Comparison with Clark-West MSFE-adjusted
enc_new() answers an encompassing question;
cw_test() answers the closely related “equal MSFE” question
with a t-statistic that has a standard normal asymptotic distribution.
The two tests typically point the same way; reporting both is
informative.
rows2 <- lapply(c(1L, 3L, 6L, 12L), function(p) {
fc <- recursive_arx(cm$unrate, cm$infl, p = p, R = R)
f1 <- cm$unrate[(p + 1 + R):nrow(cm)] - fc$e_ar
f2 <- cm$unrate[(p + 1 + R):nrow(cm)] - fc$e_arx
cw <- cw_test(fc$e_ar, fc$e_arx, f1, f2)
data.frame(p = p,
CW_stat = unname(cw$statistic),
CW_pvalue = unname(cw$pvalue))
})
knitr::kable(
do.call(rbind, rows2), digits = 3, row.names = FALSE,
col.names = c("$p$", "CW stat", "CW $p$-value"))| CW stat | CW -value | |
|---|---|---|
| 1 | 2.531 | 0.006 |
| 3 | 2.295 | 0.011 |
| 6 | 2.522 | 0.006 |
| 12 | 2.489 | 0.006 |
CW p-values are far below 5% for every lag order, agreeing with the ENC-NEW decision: the ARX model has significantly lower out-of-sample MSFE than the pure AR.
References
- Clark, T. E. and McCracken, M. W. (2001).
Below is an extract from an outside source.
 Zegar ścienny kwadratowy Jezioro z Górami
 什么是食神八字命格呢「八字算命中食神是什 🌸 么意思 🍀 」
Tests of equal forecast accuracy and encompassing for nested models. Journal of Econometrics, 105(1), 85-110.
- Clark, T. E. and West, K. D. (2007). Approximately normal tests for equal predictive accuracy in nested models. Journal of Econometrics, 138(1), 291-311.